The most-used exports are listed below. See the package's TypeScript types for the full export surface.
Types
import type {
KnownCapability, // 19-member union
Capability, // string (open for custom caps)
TuningParams, // effort / creativity / responseFormat
ModelRequest, // requires + prefers + tuning + intent + pii
AnonymizedInput, // { anonymizedText: string }
RealInput, // { text: string }
ModelConfig, // per-model gateway configuration
GatewayConfig, // top-level gateway config
AuditEntry, // immutable audit log record
AuditStore, // storage interface for audit entries
} from '@polaris/llm-gateway' Values
import {
// Prompt constructors
AnonymizedPrompt, // .from(AnonymizedInput): opaque prompt
RealPrompt, // .from(RealInput): opaque prompt
// Audit stores
NoopAuditStore, // discards all entries (testing)

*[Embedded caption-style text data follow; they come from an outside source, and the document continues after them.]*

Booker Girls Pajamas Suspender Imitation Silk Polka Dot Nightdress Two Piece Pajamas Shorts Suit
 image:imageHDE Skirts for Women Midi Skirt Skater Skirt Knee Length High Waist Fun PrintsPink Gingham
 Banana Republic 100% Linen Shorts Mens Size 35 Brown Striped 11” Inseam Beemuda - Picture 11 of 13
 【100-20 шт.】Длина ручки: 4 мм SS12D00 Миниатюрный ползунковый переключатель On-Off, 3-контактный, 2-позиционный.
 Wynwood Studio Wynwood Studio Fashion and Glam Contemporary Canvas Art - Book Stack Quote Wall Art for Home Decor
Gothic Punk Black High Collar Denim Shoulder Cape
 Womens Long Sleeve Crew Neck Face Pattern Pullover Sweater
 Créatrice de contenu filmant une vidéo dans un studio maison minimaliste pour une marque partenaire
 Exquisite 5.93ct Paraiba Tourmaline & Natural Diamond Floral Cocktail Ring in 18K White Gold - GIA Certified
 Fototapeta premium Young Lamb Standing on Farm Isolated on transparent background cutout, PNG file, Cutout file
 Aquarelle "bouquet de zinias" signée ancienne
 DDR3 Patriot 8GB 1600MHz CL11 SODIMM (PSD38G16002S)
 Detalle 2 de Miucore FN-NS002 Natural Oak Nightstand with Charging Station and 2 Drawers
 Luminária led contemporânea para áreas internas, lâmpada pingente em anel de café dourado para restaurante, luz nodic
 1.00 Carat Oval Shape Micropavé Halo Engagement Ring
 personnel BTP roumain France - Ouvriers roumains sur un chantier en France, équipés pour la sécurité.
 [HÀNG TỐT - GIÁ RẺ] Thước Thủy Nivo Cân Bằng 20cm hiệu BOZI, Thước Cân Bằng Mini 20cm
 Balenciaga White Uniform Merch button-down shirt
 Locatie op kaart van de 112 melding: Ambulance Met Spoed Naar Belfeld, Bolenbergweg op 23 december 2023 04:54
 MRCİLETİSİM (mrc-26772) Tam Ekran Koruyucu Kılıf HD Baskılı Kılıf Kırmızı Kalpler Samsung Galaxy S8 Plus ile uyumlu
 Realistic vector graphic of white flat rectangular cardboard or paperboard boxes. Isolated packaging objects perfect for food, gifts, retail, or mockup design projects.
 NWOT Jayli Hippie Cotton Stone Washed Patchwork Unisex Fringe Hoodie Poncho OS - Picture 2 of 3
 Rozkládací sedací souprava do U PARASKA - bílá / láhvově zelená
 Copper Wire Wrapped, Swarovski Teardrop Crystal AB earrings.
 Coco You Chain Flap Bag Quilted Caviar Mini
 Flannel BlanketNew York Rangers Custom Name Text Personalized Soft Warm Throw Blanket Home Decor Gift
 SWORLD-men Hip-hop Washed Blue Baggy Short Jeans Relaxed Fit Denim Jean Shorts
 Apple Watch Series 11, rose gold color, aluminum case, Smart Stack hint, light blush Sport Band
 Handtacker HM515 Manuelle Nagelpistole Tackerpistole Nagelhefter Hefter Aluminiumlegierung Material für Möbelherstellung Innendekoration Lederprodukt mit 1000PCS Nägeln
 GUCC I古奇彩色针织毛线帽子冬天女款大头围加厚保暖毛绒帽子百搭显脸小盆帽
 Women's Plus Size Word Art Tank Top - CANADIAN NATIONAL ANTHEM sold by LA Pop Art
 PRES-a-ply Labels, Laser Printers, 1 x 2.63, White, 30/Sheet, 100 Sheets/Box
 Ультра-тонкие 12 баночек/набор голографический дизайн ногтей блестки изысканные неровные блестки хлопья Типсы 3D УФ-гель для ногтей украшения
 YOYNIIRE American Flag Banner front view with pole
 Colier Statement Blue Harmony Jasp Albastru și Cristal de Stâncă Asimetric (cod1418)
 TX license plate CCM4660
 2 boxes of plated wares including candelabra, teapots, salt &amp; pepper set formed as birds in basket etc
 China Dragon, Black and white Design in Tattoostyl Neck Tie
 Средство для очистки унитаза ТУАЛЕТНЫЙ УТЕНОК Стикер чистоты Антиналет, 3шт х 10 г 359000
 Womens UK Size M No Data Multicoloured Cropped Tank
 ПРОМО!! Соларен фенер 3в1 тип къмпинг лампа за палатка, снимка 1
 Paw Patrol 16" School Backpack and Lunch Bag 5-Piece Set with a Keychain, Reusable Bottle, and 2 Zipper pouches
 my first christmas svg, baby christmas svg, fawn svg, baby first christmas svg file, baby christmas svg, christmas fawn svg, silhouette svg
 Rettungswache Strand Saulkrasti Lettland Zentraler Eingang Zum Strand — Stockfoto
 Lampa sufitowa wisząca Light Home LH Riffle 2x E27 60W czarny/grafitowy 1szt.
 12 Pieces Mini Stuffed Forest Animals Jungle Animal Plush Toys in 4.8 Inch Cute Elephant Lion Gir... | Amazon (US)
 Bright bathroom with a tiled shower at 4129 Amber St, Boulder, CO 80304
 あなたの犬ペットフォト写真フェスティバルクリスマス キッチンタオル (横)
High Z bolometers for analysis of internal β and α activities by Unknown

CapturingAuditStore, // in-memory capture (testing)
// Gateway core
routeRequest, // low-level routing function
scanForPii, // PII detection utility
// Intent catalog
loadCatalogFromFile, // load YAML catalog from disk
loadCatalogFromYaml, // load from YAML string
validateIntent, // validate intent ID against catalog
// App factory
createApp, // creates the gateway Hono app
} from '@polaris/llm-gateway' Error Codes
All error responses from POST /v1/chat/completions use a structured envelope:
{ error: { code, errorClass, message, doc_url, details? } }
| Code | HTTP | Error Class | Description |
|---|---|---|---|
| invalid_json | 400 | RequestParseError | Request body is not valid JSON |
| practitioner_jwt_required | 401 | AuthenticationError | pii: real requires a Practitioner-JWT, not a service token |
| unknown_intent | 400 | IntentValidationError | Intent ID is empty, non-string, or not found in the catalog |
| red_risk_intent | 501 | IntentValidationError | Intent is a known prohibited use case (red-risk denylist) |
| intent_catalog_unavailable | 503 | IntentCatalogError | Intent provided but catalog not loaded — cannot validate |
| no_model_for_capabilities | 503 | CapabilityRoutingError | No configured model satisfies the required capabilities |
| reid_preflight_invalid_input | 400 | ReidPreflightError | Missing or invalid quasi_ids / combination_count fields |
| reid_preflight_blocked | 422 | ReidPreflightError | Quasi-ID combination is too unique — blocked to prevent patient re-identification |
| caller_declaration_violation | 422 | PiiDeclarationError | Undeclared PII detected post-tokenization in declaration: "exhaustive" mode |
| llm_provider_error | 502 | LlmProviderError | Upstream LLM provider returned an error or timed out |
Canonical reference
ADR-020 v2 is the canonical source for all decisions documented here — capability axis taxonomy, intent catalog schema, PII enforcement rules, audit trail requirements, and the discovery endpoint contract. When this page and ADR-020 conflict, the ADR wins.